My name is Brian, and I suffer from church leader jealousy syndrome.

Despite it being the day the church I serve was featured in a local Metro newspaper article as being the biggest in the county, and having launched another regional campus, I felt jealous.

Sin perpetuates jealousy and competition.

At lunch, I sat and read a recently released book that was authored by a young leader (a peer in age). It talked about all his successes and friendships with other notable church leaders. My jealously increased.

I was so jealous that I mentally posted a review of his book on Amazon.com in righteous judgment of his writing and name-dropping.

I remember it first happening at my church in Texas. Our church had done some great things for Christ, and for a while, we were the place to be. Then, three miles away, God chose to bless another church, and they became the “it” place.

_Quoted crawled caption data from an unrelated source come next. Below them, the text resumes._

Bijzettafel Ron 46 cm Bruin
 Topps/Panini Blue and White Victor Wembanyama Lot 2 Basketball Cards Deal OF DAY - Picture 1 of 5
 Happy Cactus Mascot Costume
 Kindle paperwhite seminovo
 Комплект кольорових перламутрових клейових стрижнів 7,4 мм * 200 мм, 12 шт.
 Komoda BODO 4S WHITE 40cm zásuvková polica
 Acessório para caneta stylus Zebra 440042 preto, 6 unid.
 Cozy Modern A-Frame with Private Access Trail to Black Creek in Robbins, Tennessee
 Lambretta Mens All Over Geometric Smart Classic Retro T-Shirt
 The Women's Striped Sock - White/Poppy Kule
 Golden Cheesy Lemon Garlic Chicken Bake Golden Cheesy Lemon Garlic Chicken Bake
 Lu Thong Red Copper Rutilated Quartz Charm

The pastor of the new “it” church (who was the same age as me) took a church of 150 people up to several thousand in just a few years. I became jealous. God convicted me of this, and still does. I have to work hard to combat this sin.

One way I chose to get over my jealously of other church leaders was to take an opportunity to get to know them. It’s harder to dislike someone once you actually know them personally (their calling, gifting, their values and intentions).

I have to pray about it. I have to remember that the talents and gifts God has given me are best for me, and that He’s the creator of me. I have to remember that my ministry is God-given, and that my influence is ample enough to affect change for the kingdom, as designed by Him.

Now, I serve at a larger church that has a larger influence. That should end my jealously, right? Nope, now my jealously is just for the next largest churches or the more influential leaders.

Have you ever felt this way?

We’ll never be satisfied if we equate church size to success. That’s the problem in equating church size as an affirmation of God’s calling or even favor. I know better. Size is only one factor of many to determine a church’s effectiveness for the kingdom. I’ve witnessed that firsthand.

If by chance you suffer from my same syndrome, I suggest:

  • Be prayerful and remind yourself via Scripture who you are in Christ.
  •  Get to know those of whom you are jealous.
  •  If need be, stop reading their press. If their Twitter feeds cause you to sin in jealously, stop following them.
  •  Be comfortable where God has placed you. Rarely, if ever, is church staff ministry a ladder to climb.
  • Accept that no matter your success or your church’s success, you’ll be tempted to be covet the next thing, so, get a grip on who and where God has called you to be.